What the exercise asks ▸ Locate the line that contains "2027 Chevrolet Traverse LT - Photo 19". Retype it and every line after it to the end of the records, exactly, but not the pictures.

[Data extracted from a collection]
+ + + +

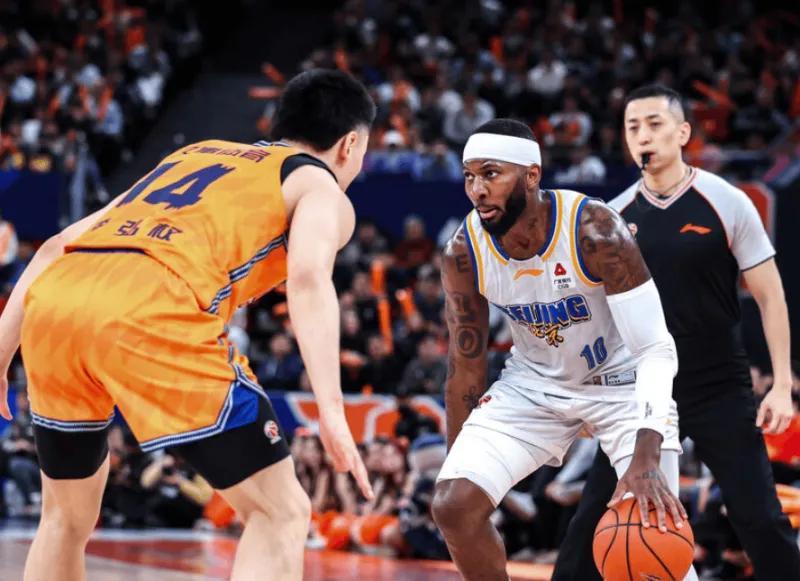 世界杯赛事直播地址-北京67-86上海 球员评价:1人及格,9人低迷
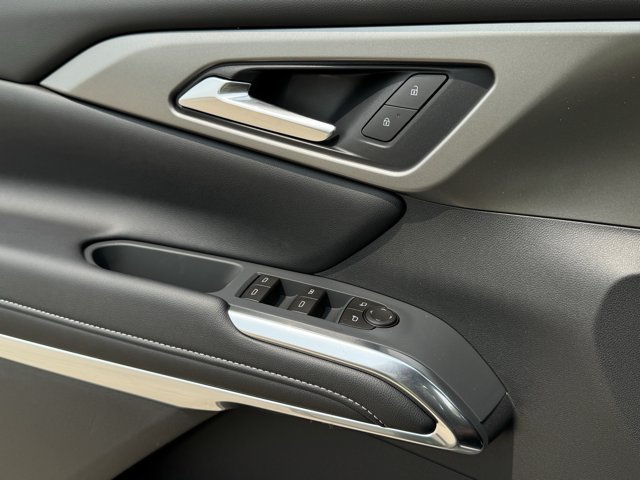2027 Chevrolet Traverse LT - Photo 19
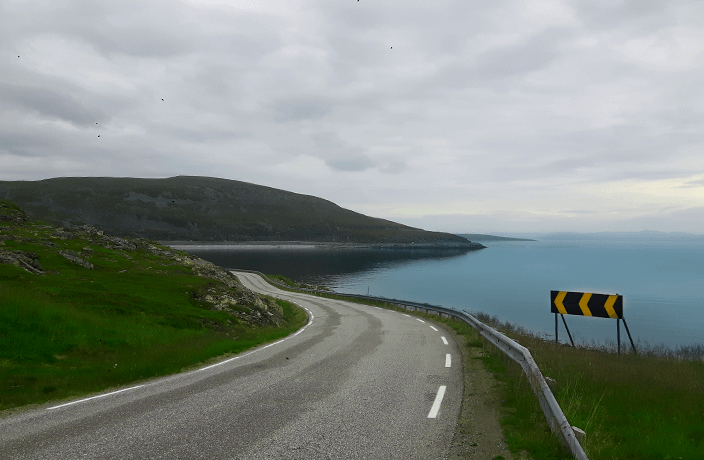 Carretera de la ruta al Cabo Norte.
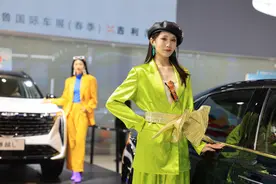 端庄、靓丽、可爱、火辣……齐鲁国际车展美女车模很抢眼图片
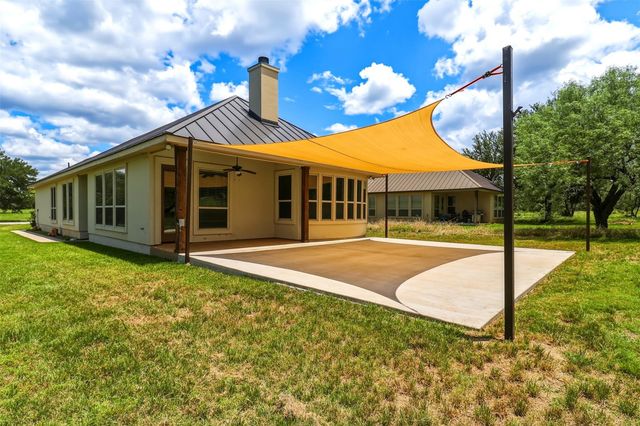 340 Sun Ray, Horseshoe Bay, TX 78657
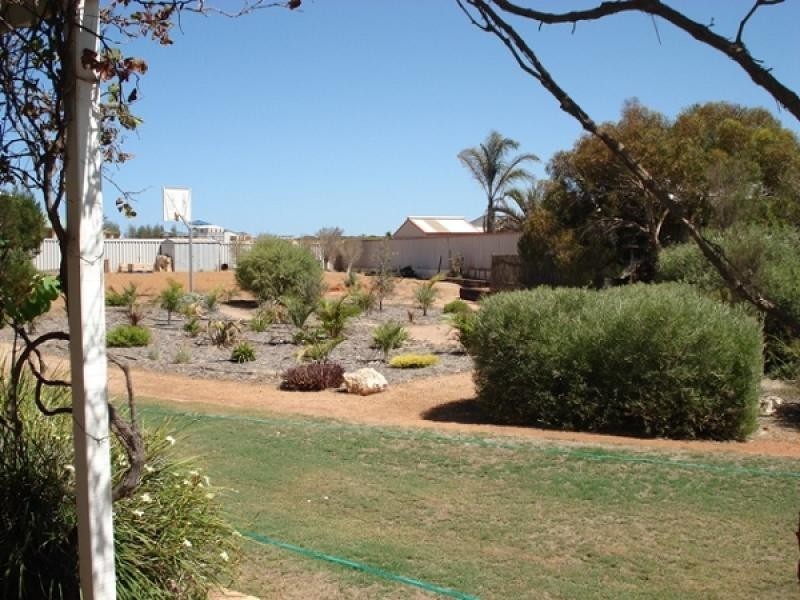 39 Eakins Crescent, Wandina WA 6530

+ + + +

Result ▸
2027 Chevrolet Traverse LT - Photo 19
 Carretera de la ruta al Cabo Norte.
 端庄、靓丽、可爱、火辣……齐鲁国际车展美女车模很抢眼图片
 340 Sun Ray, Horseshoe Bay, TX 78657
 39 Eakins Crescent, Wandina WA 6530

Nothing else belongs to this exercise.